Tener miedo a la luz es mucho peor que el miedo a ver colores titubeantes justo en el momento de bajar los párpados. ¿Es tan difícil sentirse entendido, acogido? ¿Es tan difícil sentarse, como las cajeras del supermercado, intentando repasar la lista de los enseres comprados a lo largo de una vida? Nos adormecemos en el titubeo, en el toma y daca, en el por aquí y por acá. Mientras, el universo todo pasa por nuestros minutos como los fotogramas de una película de las buenas, de esas de finales tristes, de portazo y se acabó lo que se daba. Los años van pasando tan despacio como para comprobar, falsilla en mano, todos nuestros errores; tan deprisa como para no poder impedir el retorno de carro y el golpeteo a la manivela que da a nuestras ideas el espaciado simple, espacio y medio, doble espacio. ¿Llegará algún día la armonía a la punta de los pies, al colmo de las manos?

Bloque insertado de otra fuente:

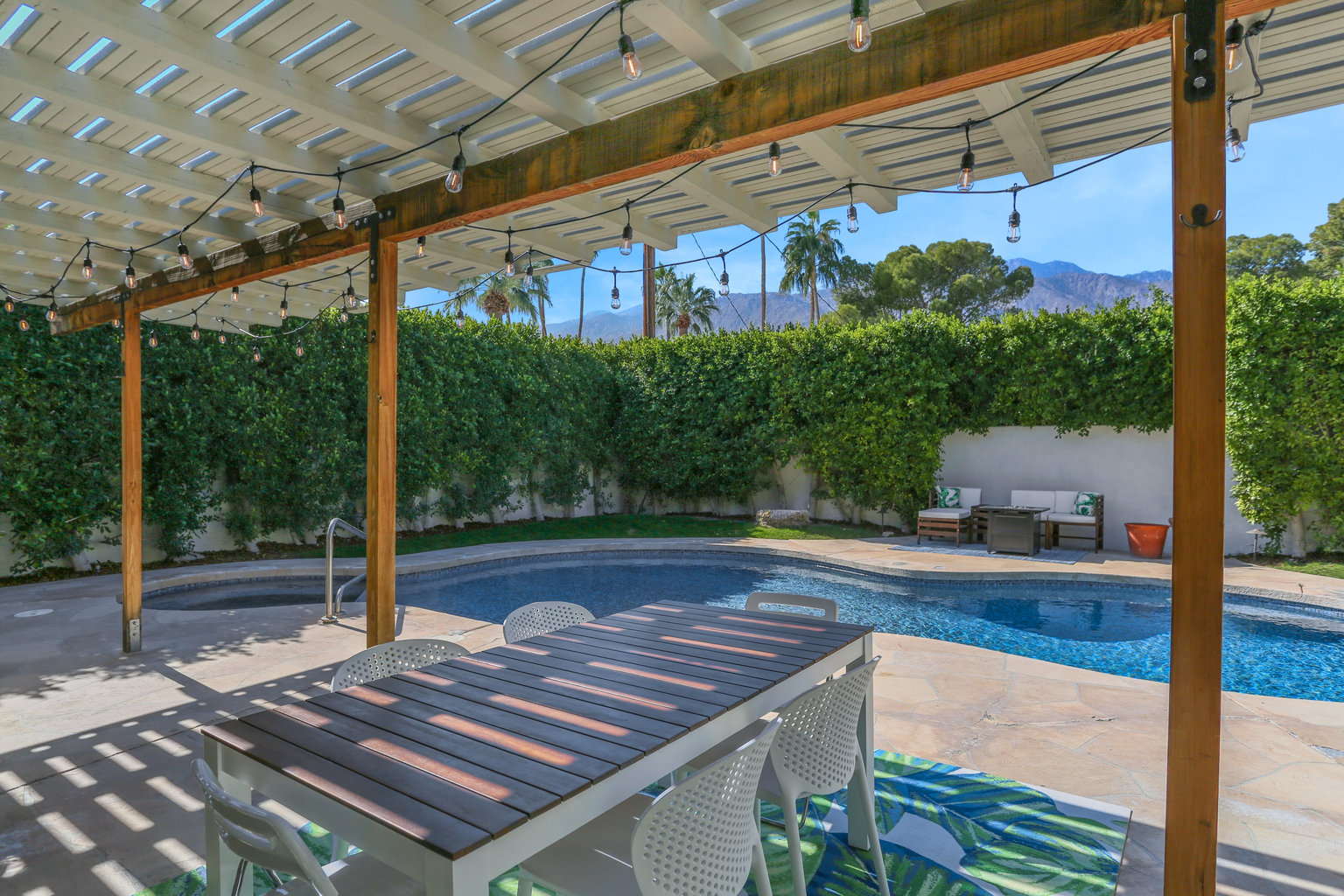 Palm Springs Vacation Rental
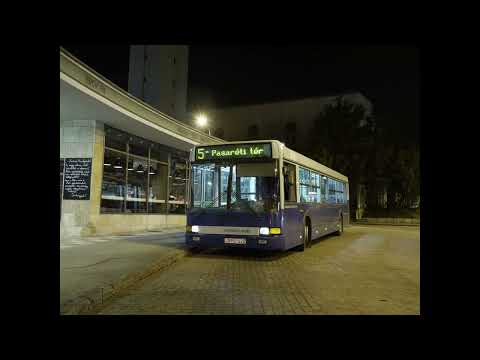 [SOUND] BPO-225 BKV Központi Tartalék Ikarus 412.10C /Budapest Bus Sound/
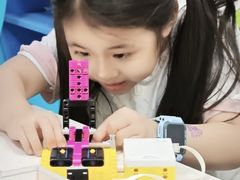 -童程童美信奥赛科技特长·乐高编程科创机器人(旭辉校区)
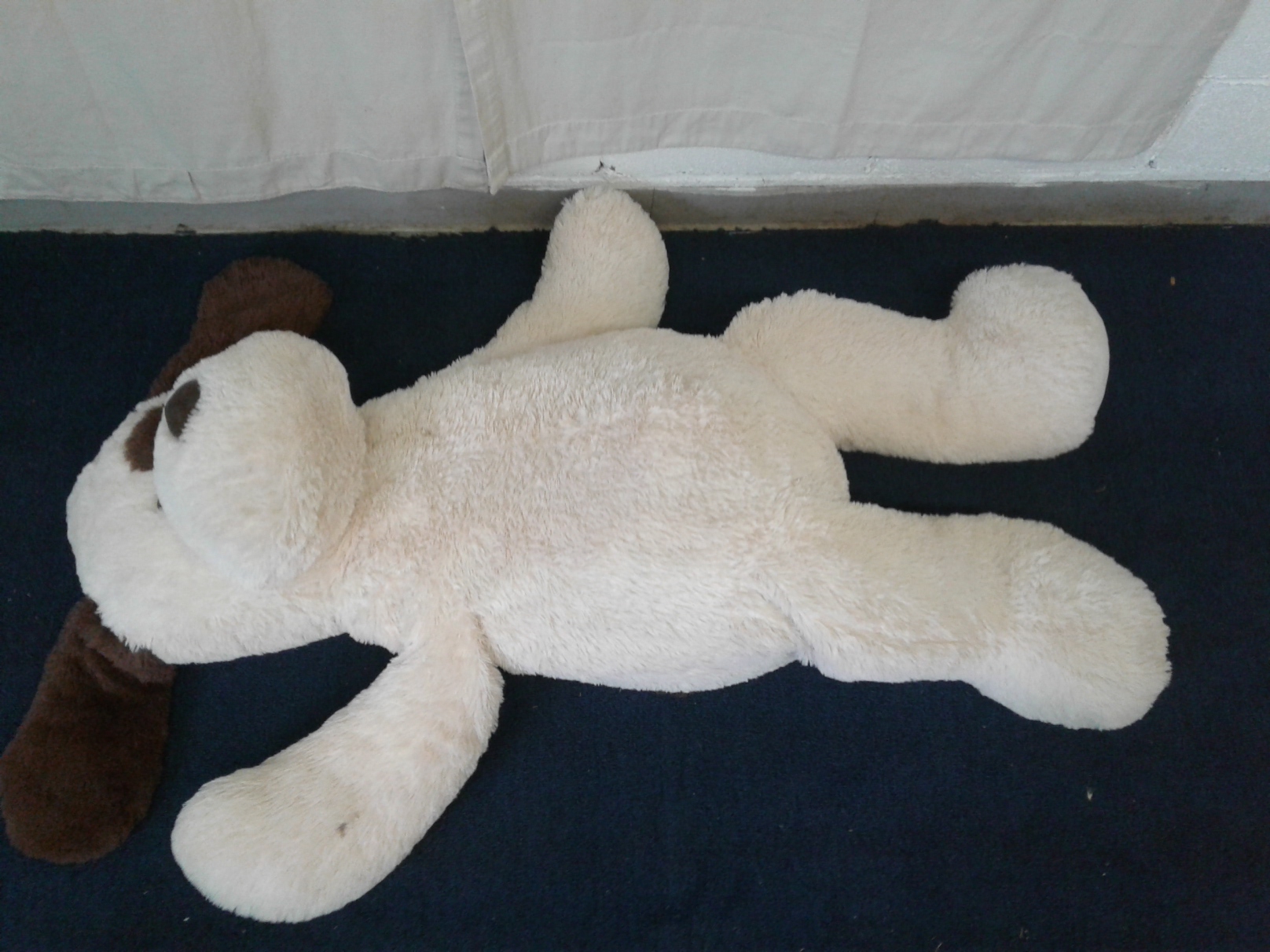 extra large stuffed dog toys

Lo importante es buscar el ritmo, pero cada vez es uno, distinto. Mayo es el mes del rock’n’roll; agosto es un mes de baladas mecidas, a veces, a ritmo de samba. Septiembre y octubre son el mes del blues. Diciembre es el mes del jazz de ritmo lento y plácido, como las gotas heladas de lluvia convertida en otra cosa. Febrero es blues, tan azul y triste como los recovecos de la nada. El paraíso, por último, es una letra carente de mayúsculas, sotejada en el marasmo de los besos quebrados, de los labios de papel que besan con calma, conscientes de que el deseo se cose con papel de plata.